Diane Stone - CENTURY 21 Commonwealth



Posted by Diane Stone on 5/14/2017

Flood insurance represents a valuable investment for many homeowners across the country, and for good reason. This type of insurance guarantees that your residence and personal belongings are protected against flooding due to a severe rain storm or other inclement weather. Therefore, purchasing flood insurance may enable you to avoid substantial losses due to flood damage associated with a natural disaster.

So how does flood insurance work exactly? Here are three things that every homeowner needs to know about flood insurance.

1. Flood insurance and homeowners insurance are very different.

Flood insurance serves as a supplemental insurance that can be purchased in addition to your homeowners coverage. However, flood insurance does not substitute for home insurance, and vice-versa.

Typically, a homeowners policy does not offer flood coverage. This means if your house is filled with water due to a natural disaster, your homeowners coverage will not protect you against property damage or losses.

In many cases, a bank or credit may require a homeowner to purchase flood insurance if he or she owns a house that is located in a floodplain. Conversely, you may want to consider purchasing flood insurance even if live outside a floodplain.

Remember, even 1 inch of water after a flood can cause major damage in your home. But if you have flood insurance in place, your home and belongings will be protected against flooding at all times.

2. Flood insurance is provided via the National Flood Insurance Program (NFIP).

The NFIP offers flood insurance policies for your home and possessions. A flood insurance policy for your home guarantees that you're protected against any flood damage to your residence. Meanwhile, contents coverage insures you against loss of possessions due to flooding.

Also, it is important to note that flood insurance policies usually require at least 30 days before they go into effect.
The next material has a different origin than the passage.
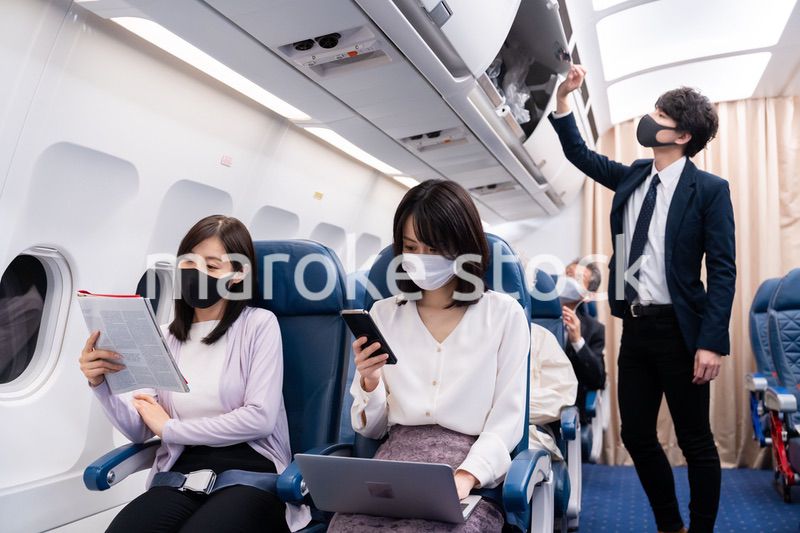 マスクをして飛行機に乗る乗客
This means that you likely won't be able to purchase flood insurance only days before a major hurricane is expected to arrive in your city or town.

3. Flood insurance won't necessarily cover your entire home.

Federal flood insurance commonly offers coverage worth up to $250,000 for your home and $100,000 for your belongings. Therefore, if you own a home that is worth $300,000 and it is destroyed in a flood, your flood insurance policy will not cover the entire cost to replace your residence.

Comparatively, you can purchase "excess flood insurance" through a private insurance company to supplement a federal flood insurance policy. Excess flood insurance offers a great option if you want to insure your home and possessions against floods and guarantee that any policy claims are covered beyond national limits.

4. Floodplains may change over time.

Floodplain maps frequently change and evolve over time. Thus, a residence that was not in a floodplain several years ago may now be located in a floodplain.

If you plan to sell your residence, your real estate agent can help you find out if it is located in a floodplain. Or, if you intend to buy a new home, your real estate agent can tell you whether a residence is located in a floodplain as well.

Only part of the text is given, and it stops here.